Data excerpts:
■ ■ ■ ■ ■

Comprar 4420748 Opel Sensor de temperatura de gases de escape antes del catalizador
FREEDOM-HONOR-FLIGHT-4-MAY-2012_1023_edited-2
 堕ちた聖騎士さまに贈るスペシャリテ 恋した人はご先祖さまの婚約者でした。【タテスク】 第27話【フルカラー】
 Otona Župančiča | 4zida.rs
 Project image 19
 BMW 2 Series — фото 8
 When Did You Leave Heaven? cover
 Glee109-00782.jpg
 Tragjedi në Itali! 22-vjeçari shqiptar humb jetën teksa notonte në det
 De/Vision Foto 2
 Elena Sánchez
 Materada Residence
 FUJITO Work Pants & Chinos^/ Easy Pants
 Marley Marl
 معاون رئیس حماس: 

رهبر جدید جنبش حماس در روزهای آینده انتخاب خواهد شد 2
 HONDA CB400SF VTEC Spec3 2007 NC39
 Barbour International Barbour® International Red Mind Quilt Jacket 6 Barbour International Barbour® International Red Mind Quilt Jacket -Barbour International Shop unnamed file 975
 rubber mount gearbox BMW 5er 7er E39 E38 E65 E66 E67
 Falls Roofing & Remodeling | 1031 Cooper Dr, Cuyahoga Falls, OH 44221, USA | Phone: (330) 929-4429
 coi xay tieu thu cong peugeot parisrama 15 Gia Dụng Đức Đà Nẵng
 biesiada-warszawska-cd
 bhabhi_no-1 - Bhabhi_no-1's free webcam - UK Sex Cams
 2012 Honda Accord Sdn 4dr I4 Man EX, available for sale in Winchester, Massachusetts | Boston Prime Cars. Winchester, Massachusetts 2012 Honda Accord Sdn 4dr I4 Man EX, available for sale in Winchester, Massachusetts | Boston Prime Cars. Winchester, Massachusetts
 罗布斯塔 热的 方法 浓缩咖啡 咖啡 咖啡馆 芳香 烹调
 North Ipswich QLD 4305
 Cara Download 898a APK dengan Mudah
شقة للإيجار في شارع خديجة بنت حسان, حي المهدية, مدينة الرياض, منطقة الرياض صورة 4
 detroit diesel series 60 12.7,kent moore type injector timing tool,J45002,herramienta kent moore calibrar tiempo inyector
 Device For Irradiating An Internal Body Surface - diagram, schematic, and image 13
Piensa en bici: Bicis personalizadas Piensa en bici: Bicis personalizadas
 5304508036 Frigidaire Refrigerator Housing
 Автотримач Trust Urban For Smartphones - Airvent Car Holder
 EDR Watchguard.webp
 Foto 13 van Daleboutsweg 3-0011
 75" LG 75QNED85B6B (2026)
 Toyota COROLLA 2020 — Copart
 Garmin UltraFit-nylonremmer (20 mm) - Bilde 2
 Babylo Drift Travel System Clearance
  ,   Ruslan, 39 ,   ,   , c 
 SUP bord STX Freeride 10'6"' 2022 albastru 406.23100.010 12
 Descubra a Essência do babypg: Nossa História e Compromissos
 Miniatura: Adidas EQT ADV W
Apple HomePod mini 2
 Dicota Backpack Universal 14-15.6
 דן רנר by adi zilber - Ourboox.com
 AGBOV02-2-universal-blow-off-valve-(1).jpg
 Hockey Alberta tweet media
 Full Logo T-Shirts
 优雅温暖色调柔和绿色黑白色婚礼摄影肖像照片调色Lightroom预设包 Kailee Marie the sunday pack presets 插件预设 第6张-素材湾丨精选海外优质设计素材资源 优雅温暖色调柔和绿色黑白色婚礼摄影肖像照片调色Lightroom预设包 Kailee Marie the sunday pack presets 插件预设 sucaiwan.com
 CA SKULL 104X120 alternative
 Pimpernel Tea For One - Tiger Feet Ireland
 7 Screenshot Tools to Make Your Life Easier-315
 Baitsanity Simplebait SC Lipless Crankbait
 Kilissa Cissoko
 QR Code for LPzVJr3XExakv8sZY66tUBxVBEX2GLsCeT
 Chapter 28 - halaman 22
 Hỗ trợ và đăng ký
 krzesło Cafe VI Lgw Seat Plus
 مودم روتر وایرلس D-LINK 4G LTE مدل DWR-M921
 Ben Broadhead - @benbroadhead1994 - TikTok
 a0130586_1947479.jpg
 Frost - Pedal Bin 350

■ ■ ■ ■ ■

• **WORK TASK**
Please give an exact copy of the lines above, beginning with the line containing "coi xay tieu" and running through the line containing "Garmin UltraFit-nylonremmer (20", and of no other lines.

• **RESPONSE TO THIS EXERCISE**
 coi xay tieu thu cong peugeot parisrama 15 Gia Dụng Đức Đà Nẵng
 biesiada-warszawska-cd
 bhabhi_no-1 - Bhabhi_no-1's free webcam - UK Sex Cams
 2012 Honda Accord Sdn 4dr I4 Man EX, available for sale in Winchester, Massachusetts | Boston Prime Cars. Winchester, Massachusetts 2012 Honda Accord Sdn 4dr I4 Man EX, available for sale in Winchester, Massachusetts | Boston Prime Cars. Winchester, Massachusetts
 罗布斯塔 热的 方法 浓缩咖啡 咖啡 咖啡馆 芳香 烹调
 North Ipswich QLD 4305
 Cara Download 898a APK dengan Mudah
شقة للإيجار في شارع خديجة بنت حسان, حي المهدية, مدينة الرياض, منطقة الرياض صورة 4
 detroit diesel series 60 12.7,kent moore type injector timing tool,J45002,herramienta kent moore calibrar tiempo inyector
 Device For Irradiating An Internal Body Surface - diagram, schematic, and image 13
Piensa en bici: Bicis personalizadas Piensa en bici: Bicis personalizadas
 5304508036 Frigidaire Refrigerator Housing
 Автотримач Trust Urban For Smartphones - Airvent Car Holder
 EDR Watchguard.webp
 Foto 13 van Daleboutsweg 3-0011
 75" LG 75QNED85B6B (2026)
 Toyota COROLLA 2020 — Copart
 Garmin UltraFit-nylonremmer (20 mm) - Bilde 2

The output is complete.